Save the pw on tmpfs (startup)

Start the service:

docker compose up -d

Then inject the password into the running container’s tmpfs (stdin → file). Example:

docker compose exec -T my-docker-service sh -lc "umask 077; cat > /run/secrets/coti_sk.pw; chmod 600 /run/secrets/coti_sk.pw"
# then type/paste the password + Enter, Ctrl-D

Why tmpfs?
Deleting a file on tmpfs is meaningfully safer than attempting to “shred” a disk-backed file (journaling/COW/SSD wear-leveling make disk shredding unreliable).


Reading secrets

Python code

import os
from coti_secret import SecretManager, SecretType

encrypted_file = os.environ["ENCRYPTED_FILE"]
pw_file = os.environ.get("PW_FILE", "/run/secrets/coti_sk.pw")

# choose behavior by environment
st = SecretType.for_environment(os.getenv("ENVIRONMENT", "prod"), pw_file=pw_file)

secret_bytes = SecretManager.get(encrypted_file, secret_type=st)

# secret_bytes are now decrypted in memory
# pw_file is shredded+deleted (best-effort) after attempt

SecretManager.get():

  • waits until the password source is available (pw-file strategy)
  • decrypts into memory
  • deletes the pw file (best-effort shred + unlink)

Dev vs prod usage

prod (recommended)

  • Encrypted secret JSON lives on a volume: ./secrets/my-secret.json
  • Password is injected at startup into container tmpfs: /run/secrets/coti_sk.pw
  • SecretType.for_environment("prod") expects the password file (waits until it appears)

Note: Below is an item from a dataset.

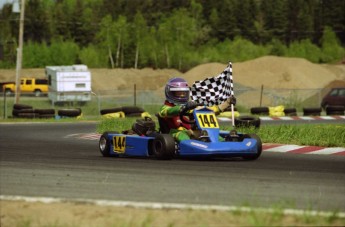 Retour dans le passé - Karting à SRA - Mai 1999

Pros: password is never stored on disk or in shared volumes.

dev (convenience)

In dev you may prefer a password in an env var:

export COTI_SK_PW="dev-password"
export ENVIRONMENT="dev"

In code:

from coti_secret import SecretManager, SecretType

st = SecretType.for_environment("dev", pw_env_var="COTI_SK_PW", delete_env_var_after_read=True)
secret = SecretManager.get("./secrets/my-secret.json", secret_type=st)

Warning: env vars are easier to leak into logs/process inspection and are generally weaker than tmpfs password injection.


Future: Using enclave

A strong next step for high-security production is to avoid password-based decryption entirely and move to an enclave-backed approach such as:

  • decrypting inside a hardware-backed environment (enclave/TEE)
  • using a cloud KMS with envelope encryption
  • using HSMs / hardware tokens so raw private keys never exist in service memory

This changes the model from “decrypt secret at startup” to “perform crypto operations without exporting the key.”